I have been taking a free networking class from Stanford University’s online “open source” education platform. I have really been enjoying the first unit of the course as it has started filling in some gaps in the foundation of my understanding regarding networking, the internet, and TCP/IP. I highly recommend this to anyone that has been in IT for a while but has never taken a more “academic” approach to their work. Okay, so that is my plug for free education. You can check out more here if interested: https://lagunita.stanford.edu/

OSI 7-Layer Model, TCP/IP 4-Layer Model
One of the gaps in my understanding of networking has to do with the OSI 7-layer networking model and the more simplified TCP/IP 4-Layer model (which was developed by DARPA? and predates the OSI Model). I didn’t even realize there was anything other than the 7-Layer model until taking this class and furthermore didn’t realize that while the OSI model gets talked about and referenced more frequently, academia (I think… and perhaps the industry) is shifting to using the simpler 4-layer model for discussion, understanding, and development regarding networking.
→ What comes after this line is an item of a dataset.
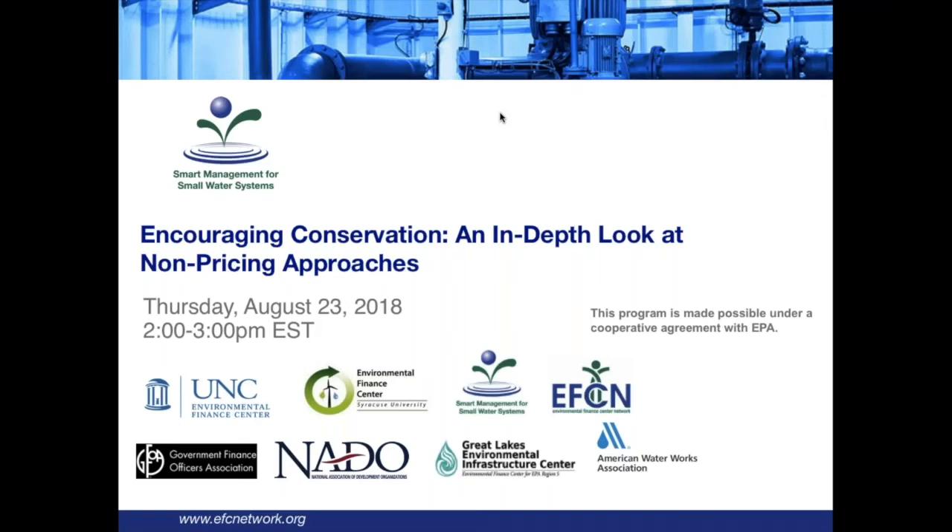Hello everyone. Thank you for joining us. On behalf of the Environmental Finance Center Network, I'd like to welcome you to today's webinar, Encouraging Conservation: An In-Depth Look at Non-Pricing Approaches. My name is Tess Clark. I work here at the Syracuse University Environmental Finance Center.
Please don’t take any of this as gospel truth, this is just my understanding based on coursework and reading. I also find it much easier to think about and reference the 4-layer model. If you are curious how the two compare, this technet article is an interesting read, Technet: TCP/IP Protocol Architecture. Okay, so for this article, I will be sticking with what I am most comfortable with at this point and will be talking about and referencing the 4-layer TCP/IP model and discussing how VPN works.
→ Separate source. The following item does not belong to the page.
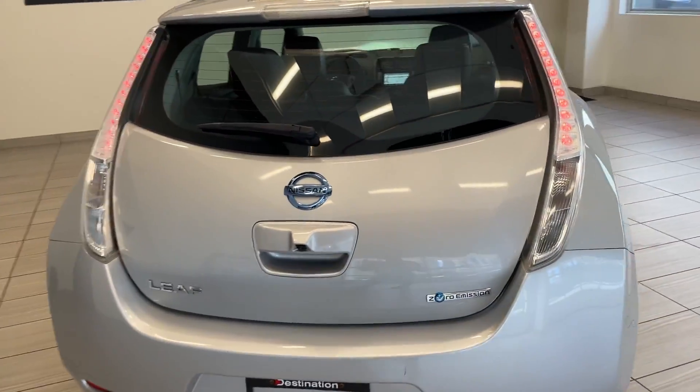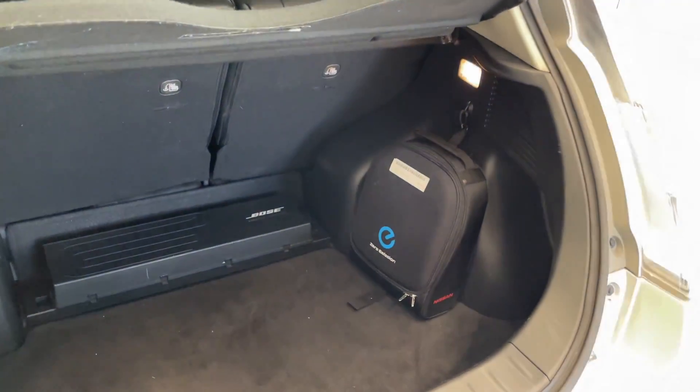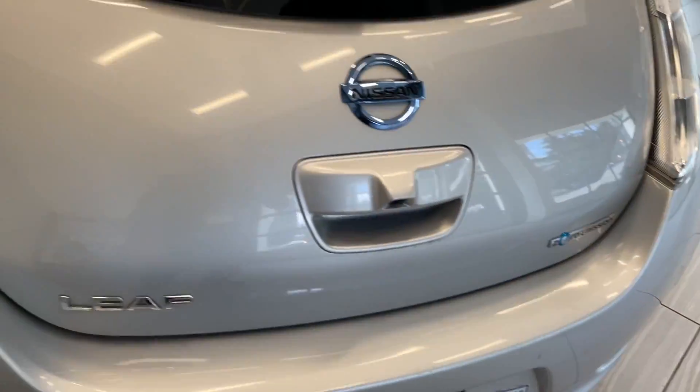The LEAF has quite a bit of room in the rear here. Open it up — I like how the charger comes in the little backpack there.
Layering and Encapsulation

Without going into (too) lengthy of an explanation, the whole premise of internet communication relies on the concepts of layering and encapsulation. The essential idea is that (in the case of the TCP/IP model) you have a four layer “stack” of protocols or technologies that are in one sense independent of each other, but each receives a “service” from the layer below and provides “service” to the layer above. The way this is done, in part, is via the concept of encapsulation. During end-to-end communication, each layer envelops (encapsulates) the layer above it. Furthermore, each layer is going to do its defined “job” regardless of whether or not the layer above it is working correctly.

A simple analogy is the postal service…

You write a letter in English. You put it into an envelop with an address. This is picked up by a postal worker and forwarded through the postal system. The it is delivered to the recipient, who then opens the letter and reads it. What if the recipient doesn’t speak English? Will the postal system fail to deliver the letter? No. It will still proceed through the postal system and be delivered. Something being done incorrectly at an “upper layer” isn’t going to affect the functionality of lower service layers.
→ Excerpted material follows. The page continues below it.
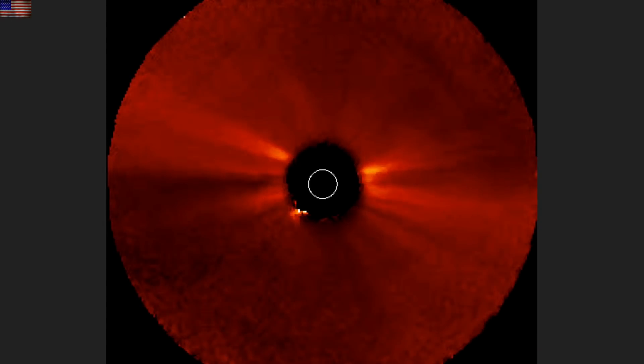Up next, we're going to look at these from Stereo A, a few months behind in orbit and able to see Earth-directed CMEs from the side. The first one is heading at Earth off to the right of the screen; the second one likely is not.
What happens if the postal service decided to replace all postal workers with flying robots? Does this change the content of your letter? Does this mean that your letter must take a different route as it gets forwarded through the postal network? No, and No. The “layers” of the postal service can be changed independently without necessarily impacting the layers above or below.

So that is a very brief (and I am certain utterly inadequate…) explanation of layering.

Regarding encapsulation… lets stick with the same analogy…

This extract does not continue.